SELECT MAX(e.name) AS name, MAX(e.occupation) AS occupation
FROM emp e
LEFT OUTER JOIN emp e2
ON (e.occupation = e2.occupation AND e.emp_id <= e2.emp_id)
GROUP BY e.emp_id
HAVING COUNT(*) <= 3
ORDER BY occupation;
In this example it gives the three employees with the lowest emp_id values per occupation. You can change the attribute used in the inequality comparison, to make it give the top employees by name, or whatever.
Add RowNum to rank :
select * from
(select emp_id, name, occupation,rank() over ( partition by occupation order by emp_id,RowNum) rank
from employee)
where rank <= 3
tested this in SQL Server (and it uses subquery)
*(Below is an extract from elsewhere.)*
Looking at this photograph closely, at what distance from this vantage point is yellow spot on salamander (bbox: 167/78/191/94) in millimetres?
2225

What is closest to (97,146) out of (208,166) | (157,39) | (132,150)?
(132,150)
select emp_id, name, occupation
from employees t1
where emp_id IN (select top 3 emp_id from employees t2 where t2.occupation = t1.occupation)
just do an ORDER by in the subquery to suit your needs
I'm not sure this is very efficient, but maybe a starting place?
select *
from people p1
join people p2
on p1.occupation = p2.occupation
join people p3
on p1.occupation = p3.occupation
and p2.occupation = p3.occupation
where p1.emp_id != p2.emp_id
and p1.emp_id != p3.emp_id
This should give you rows that contain 3 distinct employees all in the same occupation. Unfortunately, it will give you ALL combinations of those.
Can anyone pare this down please?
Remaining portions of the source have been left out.